Many types of neurons fire spontaneously because of the activity of pacemaking ion channels. Although endogenous firing can serve as a persistent signal to downstream targets, little attention has been paid to factors that might modulate such intrinsic electrical activity. We tested for modulation of spontaneous firing of Purkinje neurons in cerebellar slices under conditions in which principal synaptic inputs were blocked. Loose-patch recordings from single neurons show that sustained (>40 min) increases in the spontaneous firing rate can be triggered by activation of the nitric oxide–cGMP signaling pathway. Inhibitors of soluble guanylate cyclase and protein kinase G block this modulation. Increases in firing rate are also observed after stimulation of parallel fibers but not in response to basket cell activity. These findings elucidate a novel role for the nitric oxide–cGMP signaling cascade in the brain. This mechanism could permit long-term adjustments in the baseline firing rate of endogenously active neurons in response to changes in afferent activity.

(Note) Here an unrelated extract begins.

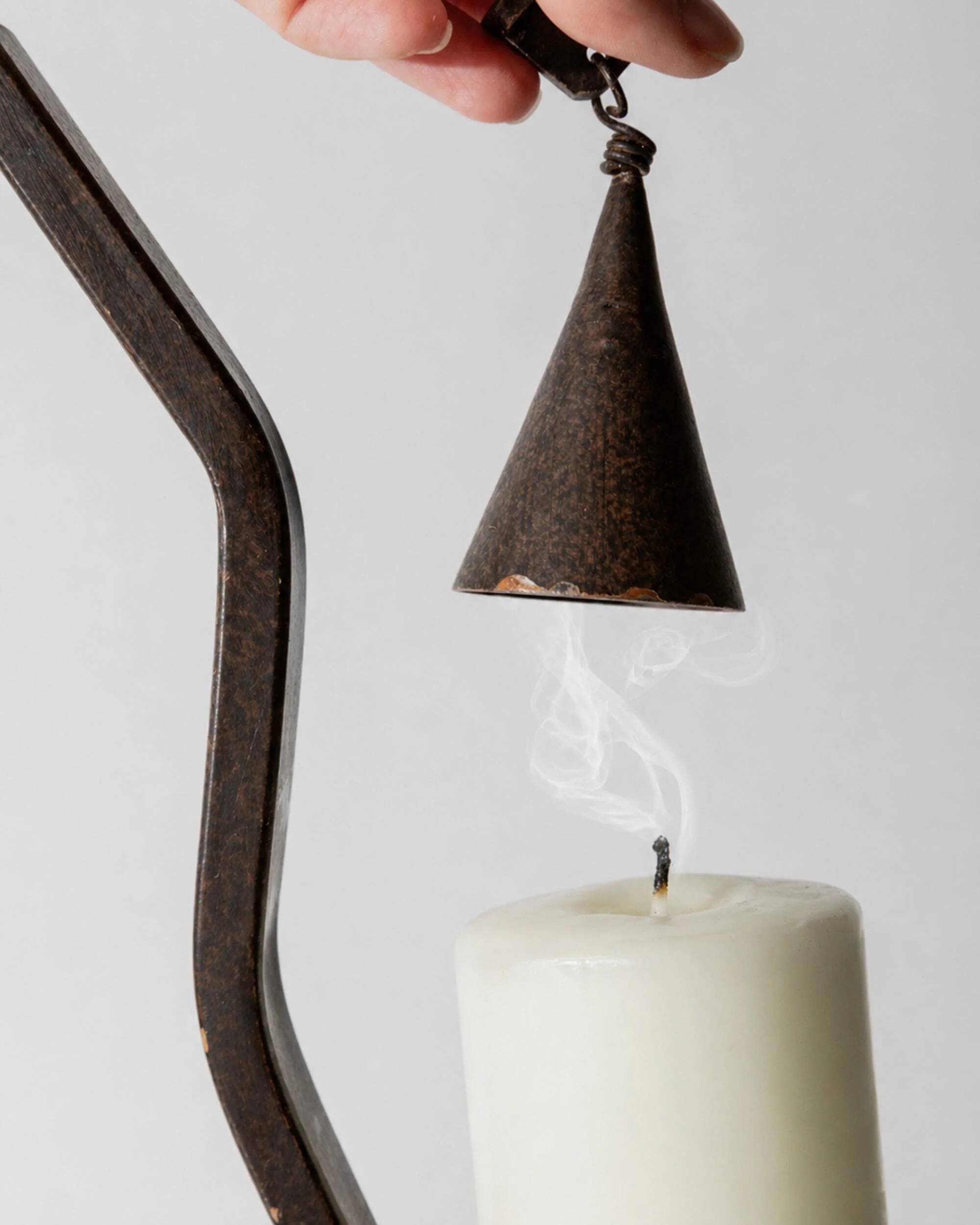 Vintage wrought iron candlestick from the 1960s, zigzag design with removable snuffer.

Spontaneously firing neurons are found in several regions of the brain, including the midbrain, the hypothalamus, the basal ganglia, and the cerebellum (Llinas and Sugimori, 1980; du Lac and Lisberger, 1995; Uteshev et al., 1995; Häusser and Clark, 1997; Bevan and Wilson, 1999; Ghamari-Langroudi and Bourque, 2000). Synaptic input is not necessary to generate spontaneous firing. Rather, in many of these cell types, intrinsic electrical activity generates rapid and extremely regular spiking rates. Specific pacemaking ion channels, such asI h, mixed cation currents, or TTX-sensitive Na+ currents, are implicated in this endogenous activity (Uteshev et al., 1995; Bevan and Wilson, 1999; Raman and Bean, 1999; Ghamari-Langroudi and Bourque, 2000; Raman et al., 2000). Although intrinsically generated spiking activity represents a persistent signal to downstream targets, little is known about how a given neuron determines and regulates its characteristic firing rate.
Cerebellar Purkinje neurons fire with remarkable regularity at high rates even in the absence of excitatory synaptic inputs (Häusser and Clark, 1997; Raman and Bean, 1999). Both in vitro andin vivo, an individual Purkinje neuron maintains a distinct resting firing rate (Armstrong and Rawson, 1979; Häusser and Clark, 1997; Raman and Bean, 1997). A survey across many Purkinje neurons shows that some cells fire as slowly as 5 spikes/sec, whereas others fire as rapidly as 80 spikes/sec. The factors that determine resting firing rates are not understood, nor is it known whether individual cells can make long-term adjustments in their firing rates.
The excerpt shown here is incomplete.